_Aim of the exercise_
Leave out the pictures and repeat exactly the lines from the one containing "The temporary variable" through the end of the records.

_Data excerpts_
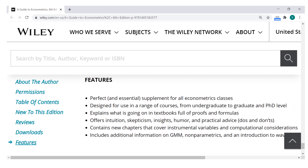You must definitely read this book, because it's very easy and accessible, and it provides huge benefits in terms of intuition about econometrics.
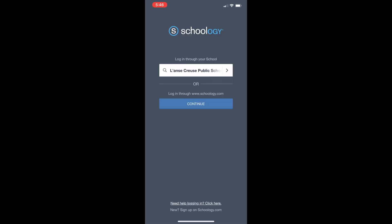Once a student has entered Lance Cruz Public Schools as their school selection, they can either click the arrow to the right of their school selection or select Lance Cruz Public Schools from the drop-down list as they type.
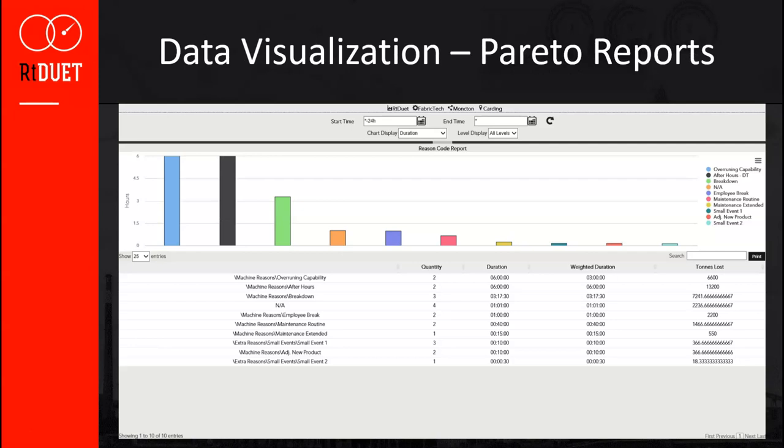Here we see an example of the Pareto report page. Across the top you'll find the date-time modifier and filters to control what data is displayed. You can drill in on a specific level of your reason tree or view all levels at once. The Pareto chart is configured to display the top offending downtime reasons based on duration. Below the chart is a list of reason codes along with the custom attributes — in this case, the page displays the custom attribute tons lost, showing the total tons lost for each downtime reason code. The system can also be configured to filter the chart by custom attribute in addition to duration.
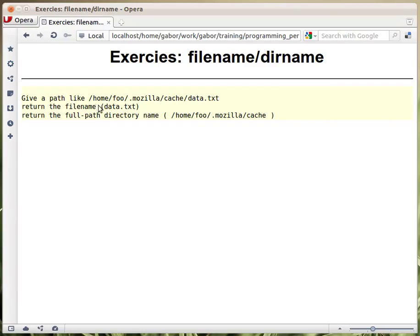In this exercise we get a Unix path, and we need on one hand to give back the name of the file, and on the other hand the full path.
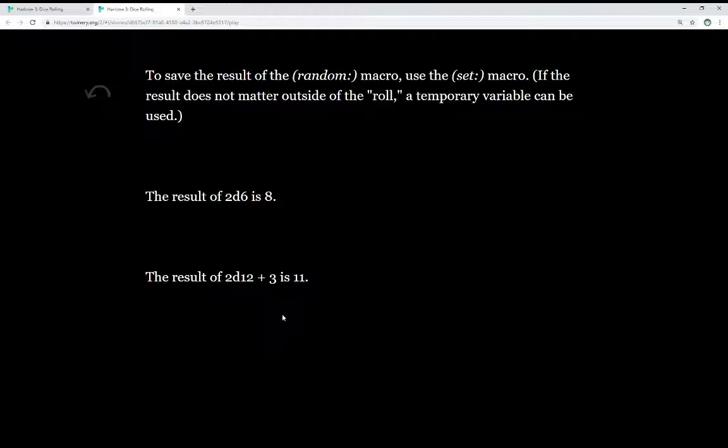The temporary variable will be erased when the passage moves on. That gives us a good way to save results as we're working on statistics, to calculate some things, and then not have to worry about having extra variables around within the greater story, because they won't exist after the story moves on.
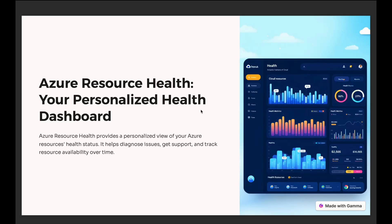Hi everyone. At any point when we are using Azure services and resources like VM, SQL DB, App Service, or any other Azure service, there is always a point where we need to check if the resources are working fine or not, or when we face issues or have outages. In this video, we are going to understand how we can check our resource health and how to set up alerts on them to get notified if a resource goes down.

_Task solution_
The temporary variable will be erased when the passage moves on. That gives us a good way to save results as we're working on statistics, to calculate some things, and then not have to worry about having extra variables around within the greater story, because they won't exist after the story moves on.
Hi everyone. At any point when we are using Azure services and resources like VM, SQL DB, App Service, or any other Azure service, there is always a point where we need to check if the resources are working fine or not, or when we face issues or have outages. In this video, we are going to understand how we can check our resource health and how to set up alerts on them to get notified if a resource goes down.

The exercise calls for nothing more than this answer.